Required action
Only the lines of the data below from the one with "You're now looking" through the one with "Now I'd like" are wanted. Repeat them exactly.

Provided data

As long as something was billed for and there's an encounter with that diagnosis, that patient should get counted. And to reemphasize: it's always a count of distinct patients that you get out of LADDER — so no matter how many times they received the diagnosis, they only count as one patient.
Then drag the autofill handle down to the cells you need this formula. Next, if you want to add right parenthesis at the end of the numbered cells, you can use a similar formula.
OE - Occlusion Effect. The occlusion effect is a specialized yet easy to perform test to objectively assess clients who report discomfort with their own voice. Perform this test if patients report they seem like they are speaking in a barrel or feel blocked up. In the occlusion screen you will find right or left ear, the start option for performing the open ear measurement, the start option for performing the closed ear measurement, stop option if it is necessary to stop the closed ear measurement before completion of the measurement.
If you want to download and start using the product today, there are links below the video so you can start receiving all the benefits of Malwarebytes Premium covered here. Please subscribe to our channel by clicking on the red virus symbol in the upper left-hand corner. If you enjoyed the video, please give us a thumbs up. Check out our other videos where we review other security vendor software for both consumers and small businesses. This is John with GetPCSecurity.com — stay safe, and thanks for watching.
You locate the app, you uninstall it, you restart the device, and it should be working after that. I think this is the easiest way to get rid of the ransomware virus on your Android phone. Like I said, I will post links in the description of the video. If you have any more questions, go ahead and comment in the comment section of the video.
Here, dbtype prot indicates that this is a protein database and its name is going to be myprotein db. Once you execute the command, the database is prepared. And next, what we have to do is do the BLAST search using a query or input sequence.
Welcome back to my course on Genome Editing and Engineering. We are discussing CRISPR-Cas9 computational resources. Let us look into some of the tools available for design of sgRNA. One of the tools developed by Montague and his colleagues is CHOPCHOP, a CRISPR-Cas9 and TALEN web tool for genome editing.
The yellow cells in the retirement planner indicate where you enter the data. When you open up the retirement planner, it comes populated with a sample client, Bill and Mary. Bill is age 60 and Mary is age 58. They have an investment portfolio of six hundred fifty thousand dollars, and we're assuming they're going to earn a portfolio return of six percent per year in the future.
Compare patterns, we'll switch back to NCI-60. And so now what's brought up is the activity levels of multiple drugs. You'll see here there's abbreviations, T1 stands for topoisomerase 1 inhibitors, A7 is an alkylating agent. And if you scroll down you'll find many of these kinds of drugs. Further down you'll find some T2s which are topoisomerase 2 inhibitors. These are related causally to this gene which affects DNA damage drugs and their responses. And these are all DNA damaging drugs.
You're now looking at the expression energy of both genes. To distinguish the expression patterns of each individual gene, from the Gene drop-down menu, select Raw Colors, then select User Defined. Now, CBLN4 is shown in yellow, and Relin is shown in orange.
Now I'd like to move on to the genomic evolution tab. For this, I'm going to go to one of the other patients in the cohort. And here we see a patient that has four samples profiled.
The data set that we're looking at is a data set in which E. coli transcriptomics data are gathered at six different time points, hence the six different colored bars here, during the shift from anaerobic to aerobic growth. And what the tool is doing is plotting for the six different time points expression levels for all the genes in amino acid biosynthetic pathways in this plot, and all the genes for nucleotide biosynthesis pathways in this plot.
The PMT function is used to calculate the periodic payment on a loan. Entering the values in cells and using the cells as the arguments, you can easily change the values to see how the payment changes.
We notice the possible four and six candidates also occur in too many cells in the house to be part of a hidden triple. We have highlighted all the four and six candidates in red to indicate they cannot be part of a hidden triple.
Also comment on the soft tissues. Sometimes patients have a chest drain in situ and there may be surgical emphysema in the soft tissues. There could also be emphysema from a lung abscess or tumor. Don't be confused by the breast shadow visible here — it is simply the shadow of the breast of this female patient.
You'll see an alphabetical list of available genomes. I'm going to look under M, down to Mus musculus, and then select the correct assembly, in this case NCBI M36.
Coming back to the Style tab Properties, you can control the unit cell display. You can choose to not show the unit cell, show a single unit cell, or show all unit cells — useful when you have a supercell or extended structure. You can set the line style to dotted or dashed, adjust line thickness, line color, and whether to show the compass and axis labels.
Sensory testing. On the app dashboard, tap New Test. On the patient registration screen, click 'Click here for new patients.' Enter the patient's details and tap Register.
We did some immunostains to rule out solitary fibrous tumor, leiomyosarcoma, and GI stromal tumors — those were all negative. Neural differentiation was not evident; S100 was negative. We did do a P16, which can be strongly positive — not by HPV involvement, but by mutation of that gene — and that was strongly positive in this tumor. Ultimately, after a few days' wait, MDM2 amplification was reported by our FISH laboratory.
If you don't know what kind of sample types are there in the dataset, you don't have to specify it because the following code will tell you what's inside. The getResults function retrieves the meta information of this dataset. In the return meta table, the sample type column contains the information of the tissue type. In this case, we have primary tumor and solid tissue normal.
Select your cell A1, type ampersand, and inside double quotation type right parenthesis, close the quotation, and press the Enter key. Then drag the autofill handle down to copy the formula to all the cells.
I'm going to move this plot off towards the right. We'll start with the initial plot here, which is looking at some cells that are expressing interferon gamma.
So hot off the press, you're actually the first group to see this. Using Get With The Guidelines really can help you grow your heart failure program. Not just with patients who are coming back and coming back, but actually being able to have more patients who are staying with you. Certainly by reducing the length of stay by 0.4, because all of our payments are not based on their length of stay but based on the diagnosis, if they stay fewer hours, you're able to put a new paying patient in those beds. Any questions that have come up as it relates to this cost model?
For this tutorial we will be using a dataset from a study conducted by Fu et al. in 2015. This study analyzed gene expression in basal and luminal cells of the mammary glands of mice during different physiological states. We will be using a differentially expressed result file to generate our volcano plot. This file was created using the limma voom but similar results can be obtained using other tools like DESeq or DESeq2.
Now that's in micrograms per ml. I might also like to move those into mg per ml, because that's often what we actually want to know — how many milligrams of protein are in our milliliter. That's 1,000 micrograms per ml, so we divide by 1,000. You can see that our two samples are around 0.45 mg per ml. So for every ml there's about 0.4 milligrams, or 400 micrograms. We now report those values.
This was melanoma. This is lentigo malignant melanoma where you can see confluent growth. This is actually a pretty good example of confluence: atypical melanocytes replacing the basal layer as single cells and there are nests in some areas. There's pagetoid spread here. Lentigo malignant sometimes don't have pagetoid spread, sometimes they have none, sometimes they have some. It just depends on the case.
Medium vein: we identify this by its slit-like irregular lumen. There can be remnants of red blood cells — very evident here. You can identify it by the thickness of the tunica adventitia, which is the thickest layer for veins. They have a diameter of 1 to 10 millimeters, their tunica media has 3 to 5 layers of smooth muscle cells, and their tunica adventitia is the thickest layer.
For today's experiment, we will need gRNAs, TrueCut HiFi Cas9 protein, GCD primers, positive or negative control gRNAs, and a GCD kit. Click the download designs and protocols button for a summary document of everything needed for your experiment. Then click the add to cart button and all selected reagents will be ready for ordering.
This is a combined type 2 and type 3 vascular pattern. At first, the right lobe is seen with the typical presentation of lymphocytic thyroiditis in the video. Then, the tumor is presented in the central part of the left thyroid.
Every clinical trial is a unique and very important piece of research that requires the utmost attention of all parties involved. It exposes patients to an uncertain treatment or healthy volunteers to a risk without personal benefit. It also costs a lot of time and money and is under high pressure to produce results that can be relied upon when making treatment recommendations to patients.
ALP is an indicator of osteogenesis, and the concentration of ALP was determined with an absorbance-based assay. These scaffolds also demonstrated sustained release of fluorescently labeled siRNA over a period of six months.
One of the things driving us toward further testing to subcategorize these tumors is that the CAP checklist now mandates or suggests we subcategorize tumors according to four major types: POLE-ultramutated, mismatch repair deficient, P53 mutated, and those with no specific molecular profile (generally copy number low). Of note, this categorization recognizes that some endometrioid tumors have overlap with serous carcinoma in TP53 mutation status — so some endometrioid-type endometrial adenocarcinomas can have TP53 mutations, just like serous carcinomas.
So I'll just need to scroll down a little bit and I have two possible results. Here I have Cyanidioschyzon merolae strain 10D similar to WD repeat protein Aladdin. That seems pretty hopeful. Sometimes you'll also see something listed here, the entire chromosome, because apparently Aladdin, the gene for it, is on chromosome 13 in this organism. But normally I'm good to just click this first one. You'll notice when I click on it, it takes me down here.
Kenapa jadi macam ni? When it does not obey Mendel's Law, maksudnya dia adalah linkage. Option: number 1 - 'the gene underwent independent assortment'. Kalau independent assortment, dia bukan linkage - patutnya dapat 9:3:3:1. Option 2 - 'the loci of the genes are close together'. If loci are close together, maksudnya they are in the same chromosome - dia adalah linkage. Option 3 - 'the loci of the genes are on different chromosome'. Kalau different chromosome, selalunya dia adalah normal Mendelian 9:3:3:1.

Written solution
You're now looking at the expression energy of both genes. To distinguish the expression patterns of each individual gene, from the Gene drop-down menu, select Raw Colors, then select User Defined. Now, CBLN4 is shown in yellow, and Relin is shown in orange.
Now I'd like to move on to the genomic evolution tab. For this, I'm going to go to one of the other patients in the cohort. And here we see a patient that has four samples profiled.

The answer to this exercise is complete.